City Manager Warren Wood delivered his Fiscal Year (FY) 2022-2023 Recommended Budget to the Hickory City Council on May 17. The Recommended Budget totals $126,206,168 for all City operations, capital improvements, and debt service requirements for the upcoming year. This represents an 8.9 percent increase over the current year’s budget.

Key components of the budget include:

  • General Fund (Main Operating Fund): A budget of $63,141,435 is recommended, which represents a 7 percent increase over the current year’s budget. The property tax rate for FY2022-2023 is recommended to remain 62.75 cents per $100 of assessed value.

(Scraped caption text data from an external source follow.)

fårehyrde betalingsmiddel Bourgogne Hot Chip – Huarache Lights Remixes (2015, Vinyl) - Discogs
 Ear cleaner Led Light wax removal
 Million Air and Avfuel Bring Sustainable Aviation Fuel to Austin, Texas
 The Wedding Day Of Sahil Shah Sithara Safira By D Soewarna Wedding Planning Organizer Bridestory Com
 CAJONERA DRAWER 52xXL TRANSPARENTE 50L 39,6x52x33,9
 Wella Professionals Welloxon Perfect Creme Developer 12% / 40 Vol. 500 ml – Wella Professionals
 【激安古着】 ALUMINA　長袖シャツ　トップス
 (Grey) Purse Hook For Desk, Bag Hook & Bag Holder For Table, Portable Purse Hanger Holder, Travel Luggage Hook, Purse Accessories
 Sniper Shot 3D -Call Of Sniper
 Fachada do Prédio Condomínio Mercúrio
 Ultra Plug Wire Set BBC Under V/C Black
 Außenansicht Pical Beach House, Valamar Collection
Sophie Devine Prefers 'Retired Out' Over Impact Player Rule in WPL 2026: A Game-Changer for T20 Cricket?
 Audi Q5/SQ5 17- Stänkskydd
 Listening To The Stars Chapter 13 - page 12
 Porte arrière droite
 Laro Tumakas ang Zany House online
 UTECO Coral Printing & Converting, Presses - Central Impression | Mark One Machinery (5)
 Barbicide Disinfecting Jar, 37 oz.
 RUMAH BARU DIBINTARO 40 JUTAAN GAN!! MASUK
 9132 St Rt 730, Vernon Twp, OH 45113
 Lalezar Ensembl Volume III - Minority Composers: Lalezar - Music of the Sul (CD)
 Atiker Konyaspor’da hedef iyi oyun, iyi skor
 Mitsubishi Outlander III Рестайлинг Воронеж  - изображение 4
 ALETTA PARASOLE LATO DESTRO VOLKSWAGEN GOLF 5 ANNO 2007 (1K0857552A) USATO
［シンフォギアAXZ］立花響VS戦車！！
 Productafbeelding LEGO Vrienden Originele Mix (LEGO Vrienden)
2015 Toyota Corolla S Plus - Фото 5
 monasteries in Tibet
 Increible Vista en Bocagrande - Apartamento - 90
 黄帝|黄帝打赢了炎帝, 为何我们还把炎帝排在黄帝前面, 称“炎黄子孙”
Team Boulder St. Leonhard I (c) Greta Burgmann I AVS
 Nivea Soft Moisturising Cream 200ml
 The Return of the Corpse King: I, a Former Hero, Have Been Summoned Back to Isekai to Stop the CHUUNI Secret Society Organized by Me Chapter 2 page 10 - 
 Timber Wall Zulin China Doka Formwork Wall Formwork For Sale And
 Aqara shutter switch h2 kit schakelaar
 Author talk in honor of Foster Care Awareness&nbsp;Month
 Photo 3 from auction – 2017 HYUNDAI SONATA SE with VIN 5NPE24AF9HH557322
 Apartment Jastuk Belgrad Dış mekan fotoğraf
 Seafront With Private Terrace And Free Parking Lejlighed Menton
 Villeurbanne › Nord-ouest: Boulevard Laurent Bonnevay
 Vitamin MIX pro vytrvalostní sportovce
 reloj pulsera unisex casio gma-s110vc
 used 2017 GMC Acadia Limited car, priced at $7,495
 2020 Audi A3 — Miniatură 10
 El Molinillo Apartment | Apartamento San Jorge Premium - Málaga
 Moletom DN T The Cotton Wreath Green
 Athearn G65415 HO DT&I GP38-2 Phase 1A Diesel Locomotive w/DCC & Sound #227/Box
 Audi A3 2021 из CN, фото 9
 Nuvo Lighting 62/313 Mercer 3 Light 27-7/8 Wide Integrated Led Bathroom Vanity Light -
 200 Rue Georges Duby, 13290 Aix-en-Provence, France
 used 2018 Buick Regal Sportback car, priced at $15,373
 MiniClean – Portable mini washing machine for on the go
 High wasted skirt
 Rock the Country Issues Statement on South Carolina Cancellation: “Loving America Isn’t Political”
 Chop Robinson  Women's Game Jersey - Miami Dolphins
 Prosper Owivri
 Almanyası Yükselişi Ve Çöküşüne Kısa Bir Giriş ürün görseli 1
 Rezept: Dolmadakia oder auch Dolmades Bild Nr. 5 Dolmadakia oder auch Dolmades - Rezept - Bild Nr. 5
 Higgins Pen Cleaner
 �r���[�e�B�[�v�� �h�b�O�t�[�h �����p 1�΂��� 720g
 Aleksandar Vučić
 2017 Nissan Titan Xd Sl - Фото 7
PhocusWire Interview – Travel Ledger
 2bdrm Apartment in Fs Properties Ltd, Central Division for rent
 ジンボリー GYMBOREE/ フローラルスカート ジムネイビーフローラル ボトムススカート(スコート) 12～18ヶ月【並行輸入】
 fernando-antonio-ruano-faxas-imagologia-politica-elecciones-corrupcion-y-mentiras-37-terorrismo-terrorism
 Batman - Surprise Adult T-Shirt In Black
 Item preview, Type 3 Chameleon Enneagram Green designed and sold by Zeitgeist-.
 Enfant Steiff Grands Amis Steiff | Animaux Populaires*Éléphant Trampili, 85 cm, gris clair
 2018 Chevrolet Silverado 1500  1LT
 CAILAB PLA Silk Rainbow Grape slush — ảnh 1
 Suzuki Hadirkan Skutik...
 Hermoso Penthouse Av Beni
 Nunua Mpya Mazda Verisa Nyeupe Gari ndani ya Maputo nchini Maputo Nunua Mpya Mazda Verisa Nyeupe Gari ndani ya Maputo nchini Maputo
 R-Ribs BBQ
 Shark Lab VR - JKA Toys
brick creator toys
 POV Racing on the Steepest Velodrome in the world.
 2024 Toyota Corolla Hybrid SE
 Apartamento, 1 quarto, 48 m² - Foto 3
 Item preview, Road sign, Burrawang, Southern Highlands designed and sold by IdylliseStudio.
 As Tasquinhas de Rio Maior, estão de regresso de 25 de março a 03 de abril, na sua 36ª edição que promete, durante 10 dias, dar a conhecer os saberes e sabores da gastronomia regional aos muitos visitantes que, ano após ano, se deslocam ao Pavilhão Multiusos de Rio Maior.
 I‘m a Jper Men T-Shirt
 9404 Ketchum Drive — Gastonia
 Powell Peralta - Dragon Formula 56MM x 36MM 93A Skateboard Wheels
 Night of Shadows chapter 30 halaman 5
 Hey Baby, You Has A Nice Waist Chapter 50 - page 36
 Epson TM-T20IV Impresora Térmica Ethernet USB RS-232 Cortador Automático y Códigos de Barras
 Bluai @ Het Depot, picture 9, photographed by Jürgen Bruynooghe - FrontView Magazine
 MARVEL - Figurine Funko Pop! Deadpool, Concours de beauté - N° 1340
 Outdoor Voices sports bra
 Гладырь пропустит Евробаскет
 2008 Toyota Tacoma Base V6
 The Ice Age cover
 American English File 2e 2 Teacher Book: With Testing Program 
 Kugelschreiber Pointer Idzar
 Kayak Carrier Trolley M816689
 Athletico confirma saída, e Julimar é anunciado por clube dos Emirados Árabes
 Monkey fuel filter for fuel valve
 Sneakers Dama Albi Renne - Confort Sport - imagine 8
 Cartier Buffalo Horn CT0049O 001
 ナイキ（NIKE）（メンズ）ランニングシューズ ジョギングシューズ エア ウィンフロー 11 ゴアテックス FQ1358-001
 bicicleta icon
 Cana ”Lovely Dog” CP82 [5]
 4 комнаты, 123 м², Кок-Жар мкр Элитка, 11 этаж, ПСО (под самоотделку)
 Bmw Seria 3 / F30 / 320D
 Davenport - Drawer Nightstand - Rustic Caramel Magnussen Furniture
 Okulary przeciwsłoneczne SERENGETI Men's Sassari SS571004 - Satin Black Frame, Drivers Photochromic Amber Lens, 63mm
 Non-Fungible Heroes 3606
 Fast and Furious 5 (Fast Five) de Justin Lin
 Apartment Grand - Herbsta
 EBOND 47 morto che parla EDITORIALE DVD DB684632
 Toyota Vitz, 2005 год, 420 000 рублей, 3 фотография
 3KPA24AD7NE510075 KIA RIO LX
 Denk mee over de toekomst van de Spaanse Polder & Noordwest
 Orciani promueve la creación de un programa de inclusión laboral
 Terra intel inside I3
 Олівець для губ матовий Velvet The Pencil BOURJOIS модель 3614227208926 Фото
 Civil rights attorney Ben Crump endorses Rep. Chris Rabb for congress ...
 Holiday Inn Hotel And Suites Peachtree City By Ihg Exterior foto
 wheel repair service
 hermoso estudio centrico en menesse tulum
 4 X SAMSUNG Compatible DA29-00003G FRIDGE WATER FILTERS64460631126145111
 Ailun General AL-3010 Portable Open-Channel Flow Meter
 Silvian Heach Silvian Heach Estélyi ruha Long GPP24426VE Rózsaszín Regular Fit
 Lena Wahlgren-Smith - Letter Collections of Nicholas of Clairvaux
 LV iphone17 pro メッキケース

A new property tax rate is anticipated with the FY2023-2024 annual budget due to the County-wide revaluation of property that will take effect during that fiscal year. Significant increases in property values are expected in Catawba County’s next revaluation, which will likely result in a reduction of Hickory’s current property tax rate.
  • Water and Sewer Fund: A 3 percent increase in utility rates is recommended to maintain infrastructure and the enterprise fund’s self-sufficiency, while still maintaining a competitive rate when compared to systems across the state. The average utility bill for a Hickory customer is $57.68; this rate increase will result in an increase of $1.73 per month on the average utility bill.
  • Solid Waste Fund: An increase of $1.00 is recommended to bring the monthly sanitation rate up to $26.00 per month for the upcoming fiscal year. The Solid Waste Fund is self-supporting, and this increase will help to offset increases in fuel and labor costs.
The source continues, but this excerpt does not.